Elkland - Apart - The latest group of faux-Brits to one-up the Killers in the synth boy band game. This song's like pop rocks: it's euphoria for a second or two, but not exactly a meal replacement or anything. I've heard some of their other songs and they are truly incubators for suicide, so enjoy this flash in the pan for what it is: a cute little head bouncer that's just downed a few pixie sticks.

Lee Hazelwood and Nancy Sinatra - Some Velvet Morning - This song floats in and out of suave crooning to tinkling sunshine-lollipops-and-rainbows whispering. The contrast is hopelessly weird and circus-y. Adding to the kitsch are the cheesy/cool lyrics : "flowers are the things we know/ secrets are the things we grow"
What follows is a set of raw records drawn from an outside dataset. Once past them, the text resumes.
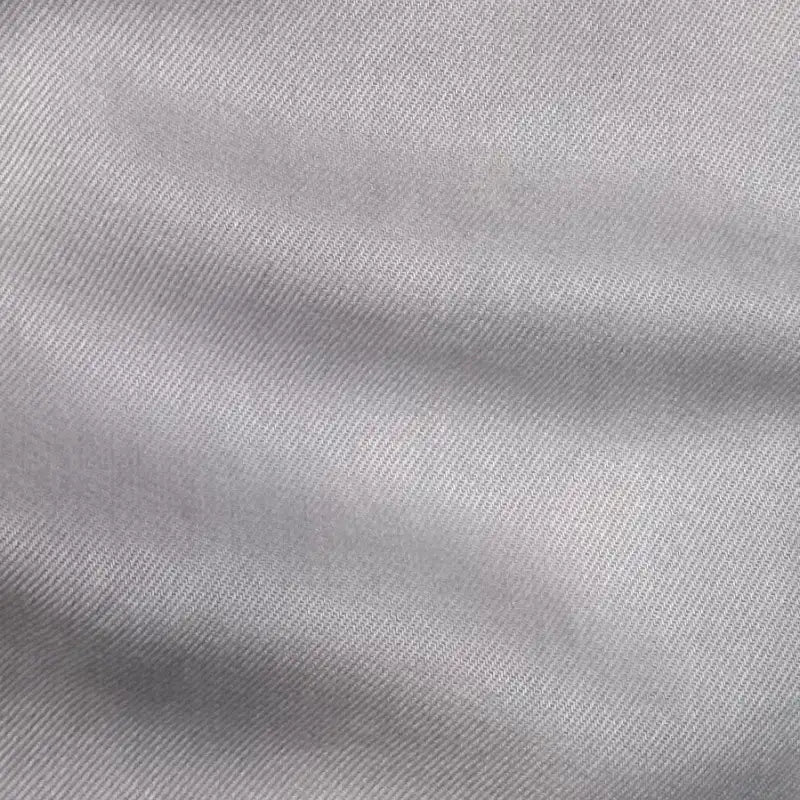 Close-up of Longan Craft's Solid Color Denim Lyocell Fabric By The Yard, a wrinkle-free, breathable, and comfy material with a subtle diagonal weave—ideal for sustainable jeans and eco-friendly fashion projects.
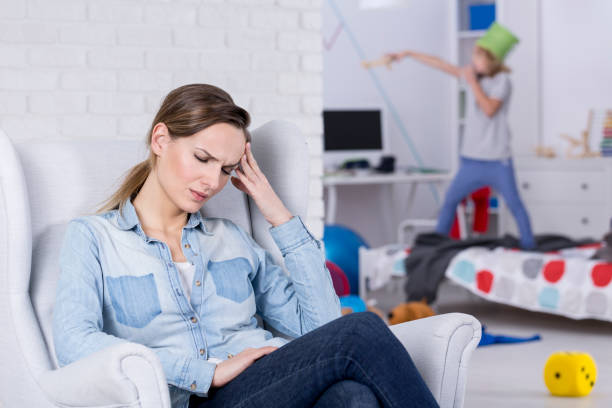 istock Tired mother of hyperactive child 639794668
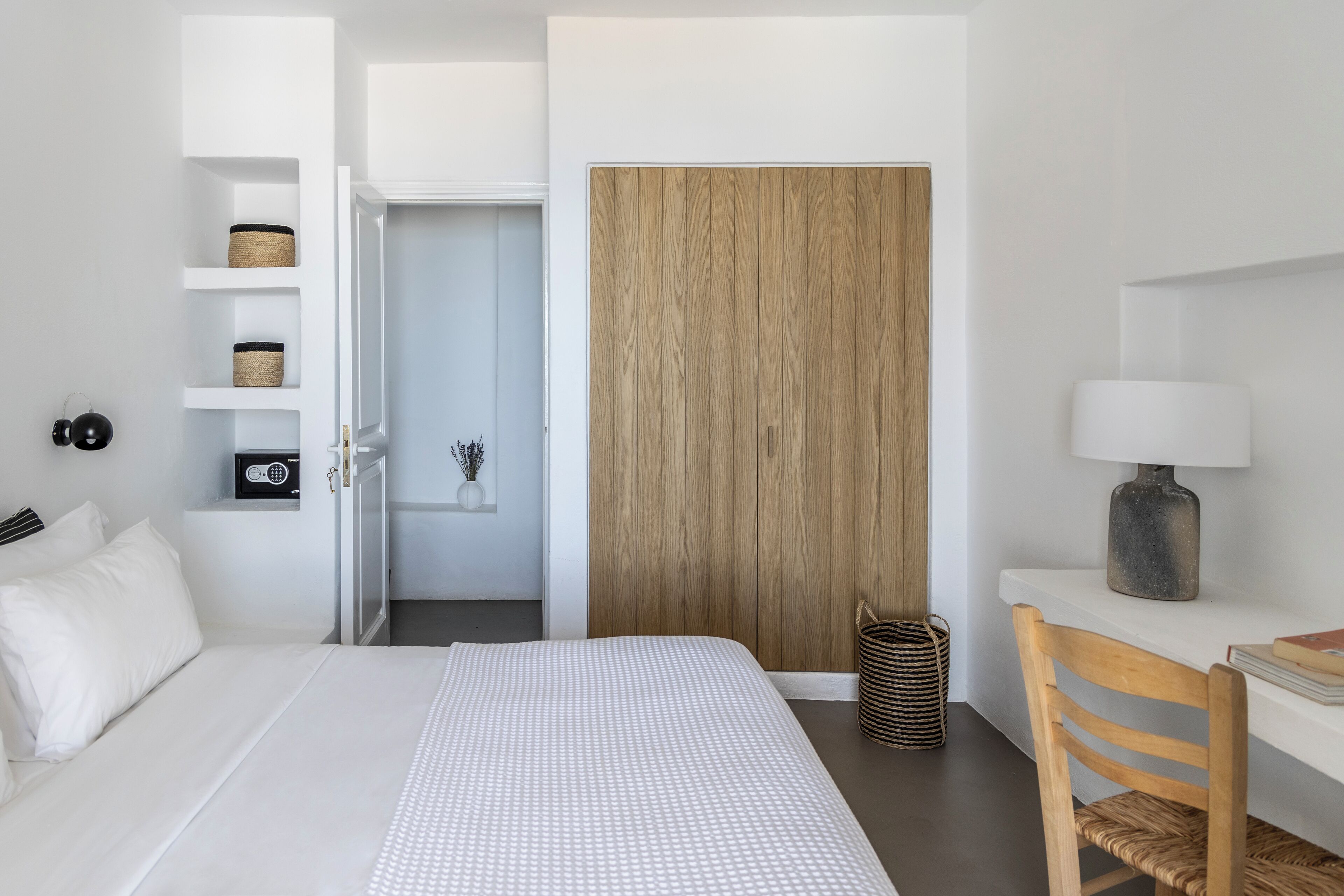 A modern bedroom with a bed, a wooden wardrobe, a desk with a lamp, and shelves with baskets.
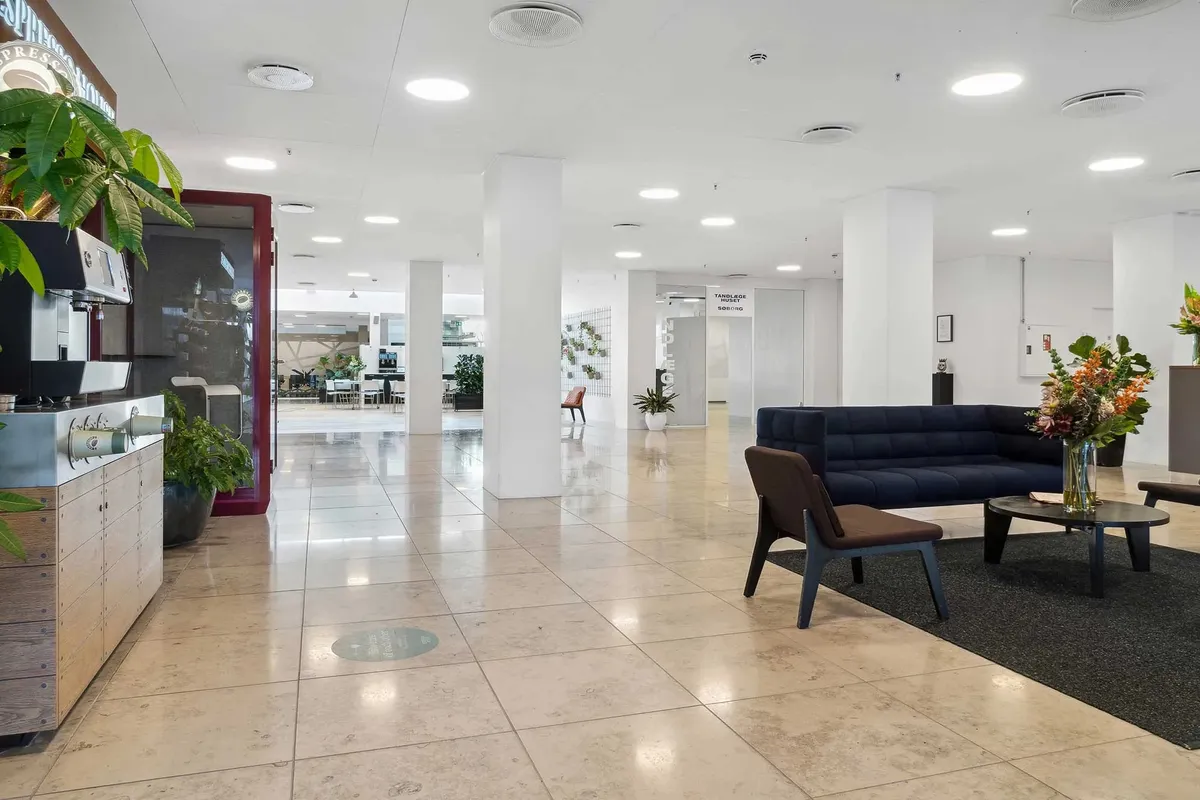 Moderne lobby med højloft, træmøbler, blomster og møbeludstykning samt skrift og logoer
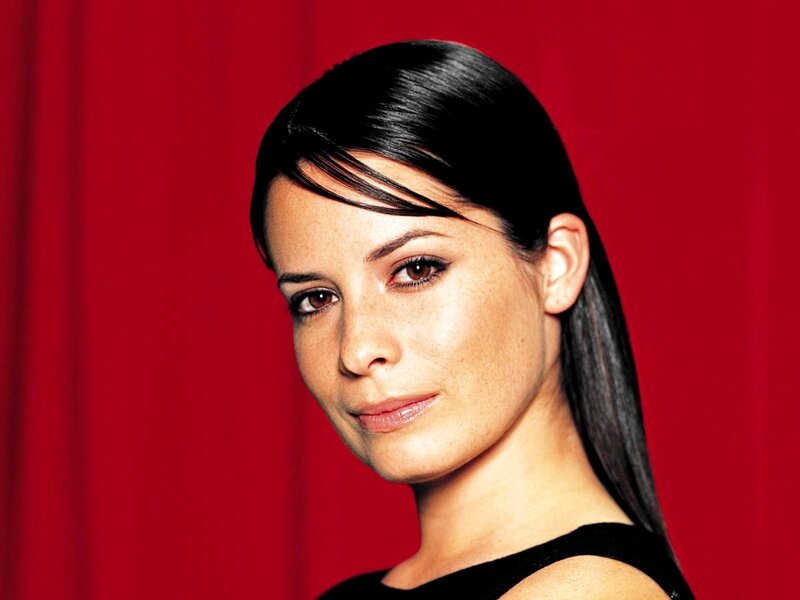 Woman with Dark Hair — Red, Neutral, Photograph, Red Background, Black Top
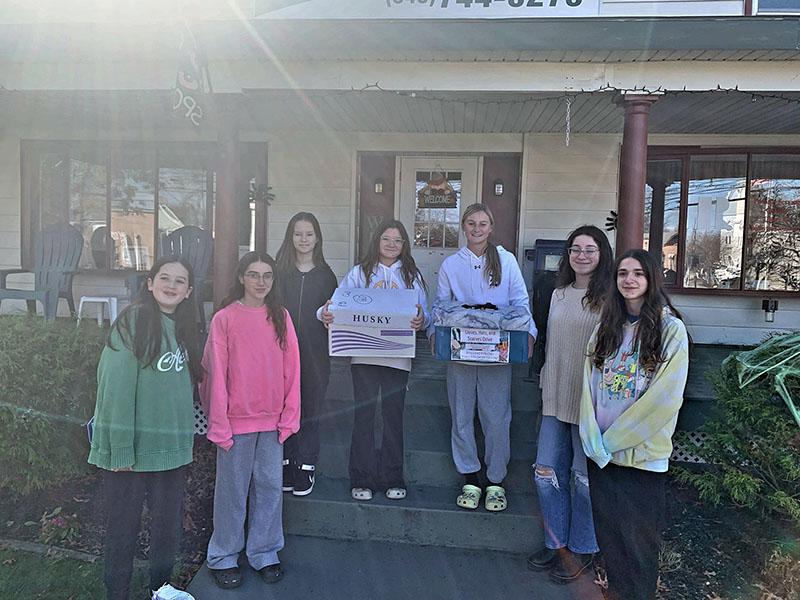 A group of seven middle school girls, two holding boxes, stand on a porch.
Primal Scream and Kate Moss - Some Velvet Morning - Okay, say the Lee Hazelwood version of this song had a kid. Then say the fabulously wealthy young thing moved to New York to go to art school and pretend to be poor, all while wearing lots of eyeliner and black nail polish to give his derelicte vibe that much more cred. This would totally be his theme song.

Free Diamonds - Blind Boys - This is an airtight Strokes-y pop song, made perfectly wobbly by the fact that the singer, should he ever audition for American Idol, would be told to kill himself immediately by Simon. Even Paula would cry a little and say "Alright, now you're just fucking with me." That's the cool thing about some indie music. Having no talent can sometimes work in your favor.

And everything on the Ellen Allien/Apparat cd Orchestra of Bubbles. So hot right now.

Tuesday, May 02, 2006

"Fox News, I hold a copyright on that term."


Who invited Stephen Colbert to the White House Correspondents Dinner? Don't they have some kind of snipers that kill anyone remotely funny within a ten mile radius of the Whitehouse?

They even let him make a speech. Which is quite possibly the most punk rock thing I've read . I've heard about a few things some whiners have said about how the jokes were recycled and how there were only a handful of truly laugh-until-you-pee moments. To them I say: Sweet Jesus Christ on ice skates, who cares! There's not really a large pool of people cracking jokes about the president to his face at the White House to pick from, y'know?

You can read the transcript of the whole thing here, or, for the more fidgety, here's a sampling of the truthiness:



"Wow. Wow, what an honor. The White House correspondents' dinner. To actually sit here, at the same table with my hero, George W. Bush, to be this close to the man. I feel like I'm dreaming. Somebody pinch me. You know what? I'm a pretty sound sleeper -- that may not be enough. Somebody shoot me in the face. Is he really not here tonight? Dammit. The one guy who could have helped.
...

Every night on my show, the Colbert Report, I speak straight from the gut, OK? I give people the truth, unfiltered by rational argument. I call it the "No Fact Zone." Fox News, I hold a copyright on that term.

...

Ladies and gentlemen, I believe it's yogurt. But I refuse to believe it's not butter. Most of all, I believe in this president.

...

So don't pay attention to the approval ratings that say 68% of Americans disapprove of the job this man is doing. I ask you this, does that not also logically mean that 68% approve of the job he's not doing? Think about it. I haven't.

...

But the rest of you, what are you thinking, reporting on NSA wiretapping or secret prisons in eastern Europe? Those things are secret for a very important reason: they're super-depressing. And if that's your goal, well, misery accomplished. Over the last five years you people were so good -- over tax cuts, WMD intelligence, the effect of global warming. We Americans didn't want to know, and you had the courtesy not to try to find out. Those were good times, as far as we knew.

...

John McCain is here. John McCain, John McCain, what a maverick! Somebody find out what fork he used on his salad, because I guarantee you it wasn't a salad fork. This guy could have used a spoon! There's no predicting him.

...

Jesse Jackson is here, the Reverend. Haven't heard from the Reverend in a little while. I had him on the show. Very interesting and challenging interview. You can ask him anything, but he's going to say what he wants, at the pace that he wants. It's like boxing a glacier. Enjoy that metaphor, by the way, because your grandchildren will have no idea what a glacier is."